President Magill is not alone in emphasizing this principle — in response to calls to discipline faculty and students who have been accused of antisemitism, many pro-Palestinian groups have invoked “academic freedom.” As many readers likely know, I am an avid supporter of a very expansive definition of protected speech. I believe we should consistently prioritize the role of our institutions as places to expand the horizons of our views, and simultaneously see more speech as the best way to combat ideas with which we disagree.
In the past, I have written about commitments to intentional student activism, academic diversity of thought on campus, and even my concern about a lack of free speech on our social media platforms.
That said, those who are currently arguing for “free speech” have not always shared this broad commitment. Professor Jonathan Zimmerman, an unequivocal defender of free speech, called out this hypocrisy in a recent op-ed by invoking the story of an artist, Hannah Black, who had called for the destruction of a painting she found offensive, and in recent days has become a free speech advocate on Palestinian issues. Zimmerman writes, “But Black stood for censorship — of a fellow artist, at that — until people she liked started getting censored. And then she went all ACLU on us, invoking the Cold War red-baiter Joseph McCarthy and Joseph Welch, the brave lawyer who publicly challenged him.”
As Professor Zimmerman points out, instances like this seem to indicate that free speech is only a position as deeply held as the political whims of the moment. Unless it is someone from their ideological leanings who is at the other end of the censor, cancelation, or doxxing, many of these intellectuals don’t seem all that concerned with invoking the First Amendment.
To be clear, I am glad that issues of academic freedom and ideological diversity on college campuses are receiving support from those on the left. The presidents are right to say that universities should embrace broad open-expression principles, but as was pointed out by many of the members of the Committee, these commitments seem arbitrary and superficial at best. Approximately 26% of professors in the US are conservative, and of those, 58% find themselves self-censoring. Is it possible to foster a community of open expression if the ideology among outspoken faculty is so imbalanced?

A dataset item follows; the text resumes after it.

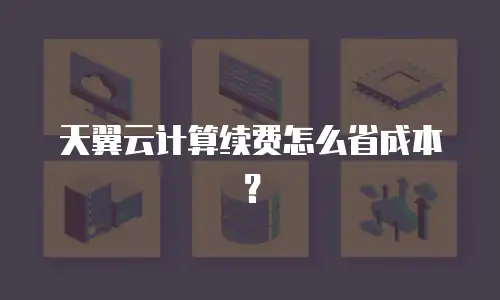 天翼云计算续费怎么省成本？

This hypocrisy seems to apply to requests for “institutional neutrality” on the part of Penn as well. Institutional neutrality seems ideal; UChicago’s position has allowed them to avoid much of this controversy, and I broadly agree with fellow columnist Brett Seaton’s position that “Political university presidents are bad for business.” However, it seems utterly implausible to imagine an apolitical Penn considering the wealth of statements the University has put out (with relatively little pushback) on every issue of recent years from the Supreme Court’s reversal of Roe v. Wade to the death of George Floyd. This is true across the board at our peer institutions, as pointed out in The Daily Princetonian. How can a University cultivate free speech in any meaningful way if it has taken a stance on every political issue under the sun?
While it seems fairly clear what the practical and institutional barriers are to this so-called “open expression” on campus, there also seems to be a very obvious misunderstanding of what constitutes protected speech. As described by constitutional lawyer and civil-libertarian Ilya Shapiro in a recent op-ed, “Much of what we’ve witnessed on campuses over the past few weeks is not, in fact, speech, but conduct designed specifically to harass, intimidate, and terrorize Jews.”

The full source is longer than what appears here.